Symmetric Dicke States as Optimal Probes for Wave-Like Dark Matter

TL;DR

This paper demonstrates that symmetric Dicke states are optimal quantum probes for detecting wave-like dark matter, offering robustness against noise and outperforming other states in distributed quantum sensing.

Contribution

It identifies symmetric Dicke states as the most effective quantum probes for wave-like dark matter detection, including under realistic noise conditions, and extends the framework to various physical platforms.

Findings

Dicke states maximize Fisher information for dark matter sensing.

They maintain sensitivity under amplitude-damping noise.

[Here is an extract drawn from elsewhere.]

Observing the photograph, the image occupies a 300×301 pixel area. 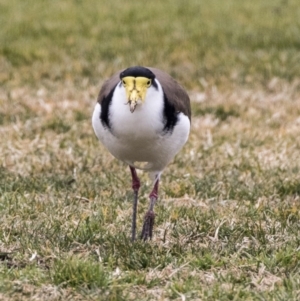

Optimal states outperform GHZ and independent probes in relevant scenarios.

Abstract

We identify symmetric Dicke states as the optimal quantum probes for distributed sensing of wave-like dark-matter fields. Within an ensemble-averaged quantum-metrological framework that incorporates the field's random phases and finite coherence, they maximize the Fisher information for short-baseline arrays with $N_d$ sensors and realize a robust $N_d^2$ enhancement. They also retain this collective advantage under amplitude-damping noise, whereas GHZ-type probes are highly fragile and rapidly lose their sensitivity once such noise is included. For two sensors at separations comparable to the dark-matter coherence length, the optimal entangled state acquires an additional spatial-correlation phase and outperforms both Dicke and independent probes. Our framework applies broadly to stochastic bosonic fields, including gravitational waves, and can be implemented with superconducting qubits, atomic ensembles, and NV centers.